On 25/10/2010 19:22, Tim Streater wrote:

My niece alleges that the backup issue can be ignored until wind
gets
about 15% or so penetration, which seems not unreasonable.

You may well be right. Now please suggest what can supply the other
85% without fossil fuels.

Well exactly :-)

A nuclear-only solution would seem the most sensible to me.

But what do we do when we run out of fossil fuel? What we have left is
the sunlight and the tides.


well I am not bothered about running out of uranium and other fissile
materials 1000 years down the line, cos by then they MUST have got
fusion working.


Is that how many years of reserve we have left yet?

Dave

its an educated guess..still its better than coal (200 years) or oil
(150years?) from start to finish, in this country.

Coal production tracks economic advances and rise in global importance
and population and standard of living of the UK, almost exactly.
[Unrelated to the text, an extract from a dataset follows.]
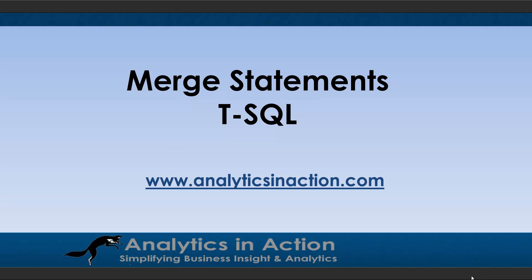Hi folks, it's Steve here from Analytics in Action, and today I want to give you an overview of merge statements using T-SQL.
the issue of fissile materials contains several imponderables:

- how much will the developing world use on future?
- what is the greatest price it will still be economic to extract it at?
- how much is there there, that we don't know about, because its not
been worth finding out?
- ultimately, how much will we be able to generate from reactors as part
of a fast or slow breeder reaction.
- will the global population subside to a more sustainable level?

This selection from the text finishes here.